What you have to do:
Your output should be the lines from the one containing "Bupati Merauke Meresmikan" through the last line below, both ends included, exactly as written and free of pictures.

Provided entries:
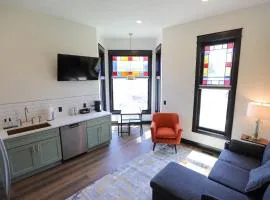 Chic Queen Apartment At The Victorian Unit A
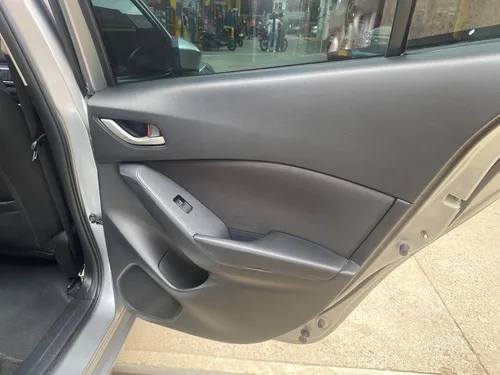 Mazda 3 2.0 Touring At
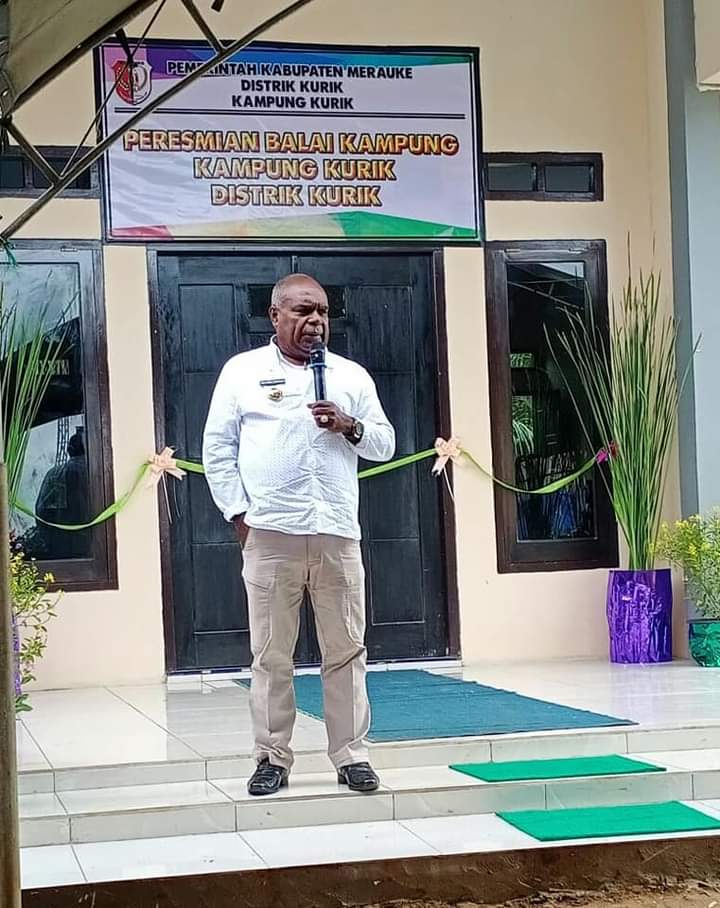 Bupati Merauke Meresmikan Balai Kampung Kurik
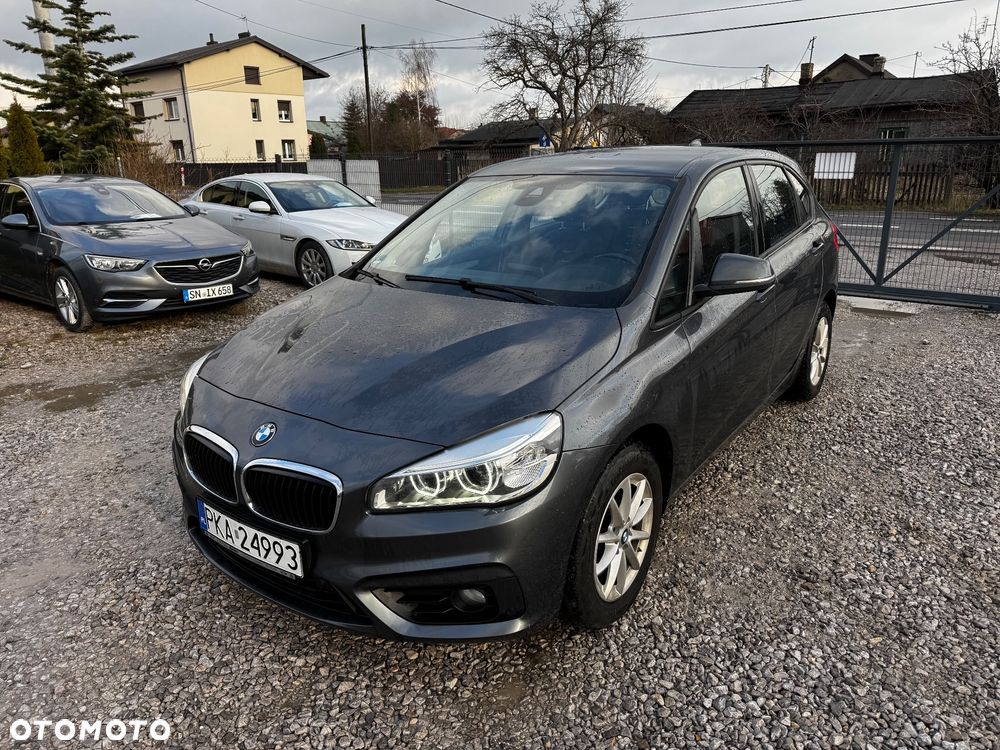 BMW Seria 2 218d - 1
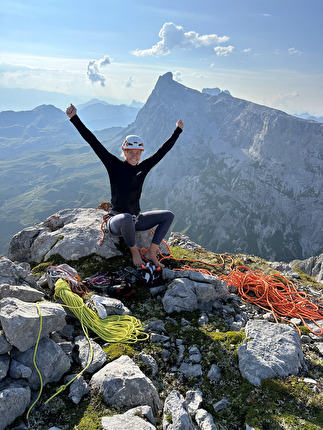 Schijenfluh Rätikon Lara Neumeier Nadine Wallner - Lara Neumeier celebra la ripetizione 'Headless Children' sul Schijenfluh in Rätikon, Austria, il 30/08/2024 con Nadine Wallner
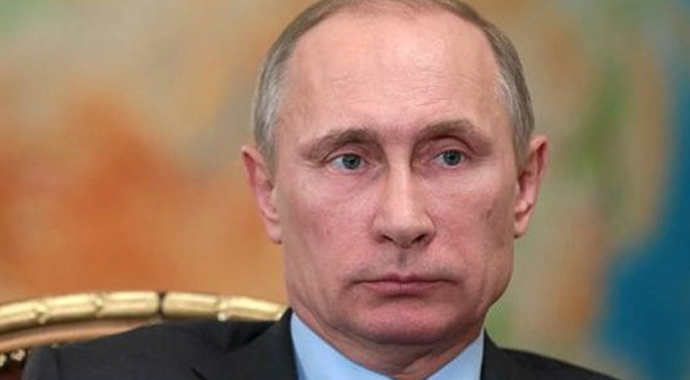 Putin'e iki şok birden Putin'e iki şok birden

Written answer:
 Bupati Merauke Meresmikan Balai Kampung Kurik
 BMW Seria 2 218d - 1
 Schijenfluh Rätikon Lara Neumeier Nadine Wallner - Lara Neumeier celebra la ripetizione 'Headless Children' sul Schijenfluh in Rätikon, Austria, il 30/08/2024 con Nadine Wallner
 Putin'e iki şok birden Putin'e iki şok birden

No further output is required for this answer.